Agile Robotics: Optimal Control, Reinforcement Learning, and Differentiable Simulation
Yunlong Song, Davide Scaramuzza
TL;DR
The paper compares continuous-time optimal control, model predictive control, reinforcement learning, and differentiable simulation as pathways to agile robot control. It formalizes continuous-time optimal control with $\min_{x(\cdot), u(\cdot)} \int_{0}^{T} \ell(x(t),u(t),t)\,dt + \ell(x(T))$, MPC with the discrete objective $J(x,u) = \sum_{k=0}^{N-1} \ell(x_k,u_k) + \ell(x_N)$, and policy learning with $J(\theta) = \mathbb{E}_{\tau \sim \pi_{\theta}} [\sum_{k} r_k]$, highlighting distinct optimization targets. Results show RL's robustness due to optimizing task-level rewards and using domain randomization, outperforming OC in challenging drone-racing scenarios.

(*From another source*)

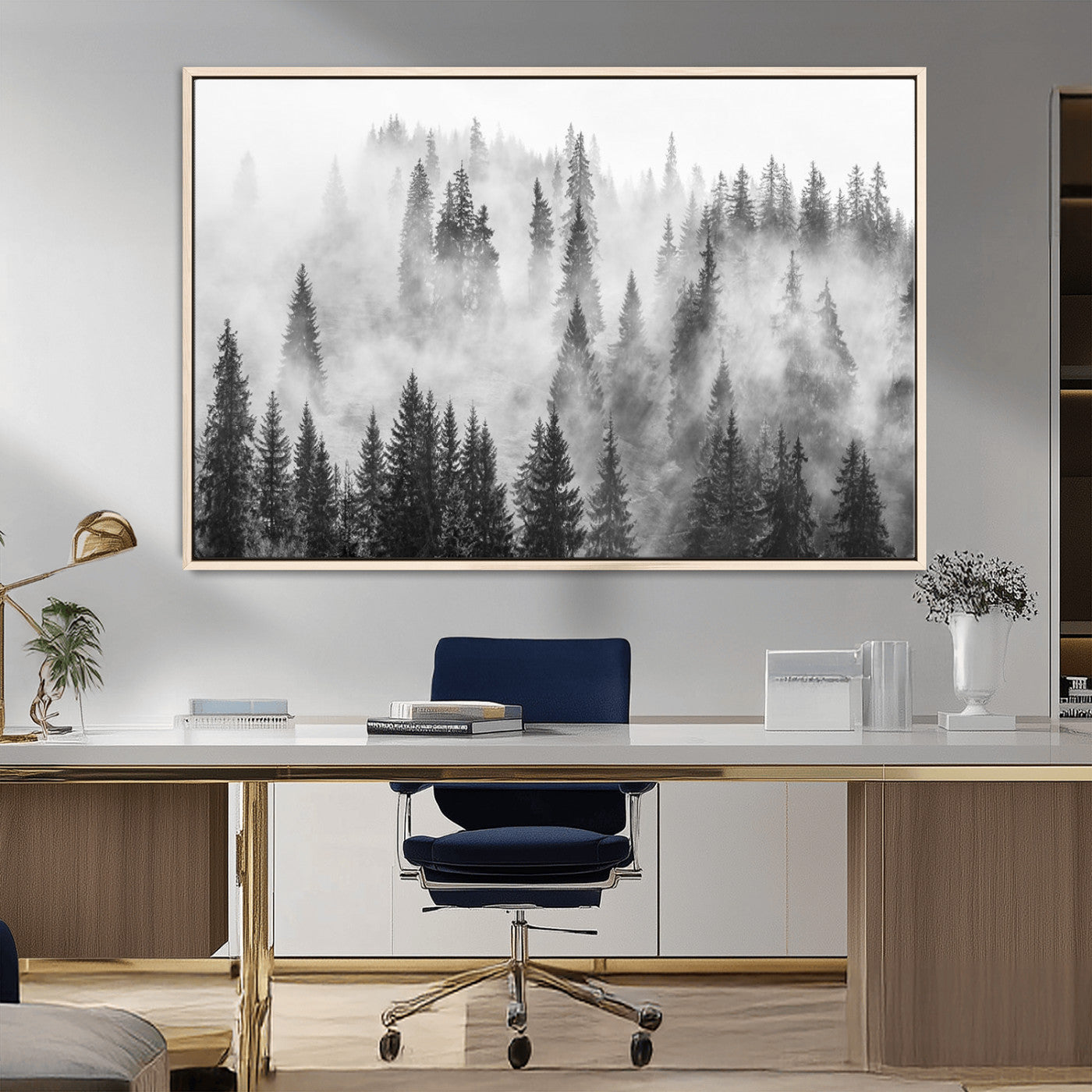 -Forest Wall Art Print | Foggy Pine Forest Canvas Wall Art - Black and White Nature Decor for Living Room, Office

The paper presents a policy-search-for-MPC approach enabling offline learning of high-level decision variables for real-time MPC, as well as a differentiable-simulation framework for rapid, gradient-based learning of legged locomotion with zero-shot real-world transfer. Future work calls for integrating structured dynamics and OC constraints into RL to reduce sample complexity and extending to vision-based humanoid locomotion.
Abstract
Control systems are at the core of every real-world robot. They are deployed in an ever-increasing number of applications, ranging from autonomous racing and search-and-rescue missions to industrial inspections and space exploration. To achieve peak performance, certain tasks require pushing the robot to its maximum agility. How can we design control algorithms that enhance the agility of autonomous robots and maintain robustness against unforeseen disturbances? This paper addresses this question by leveraging fundamental principles in optimal control, reinforcement learning, and differentiable simulation.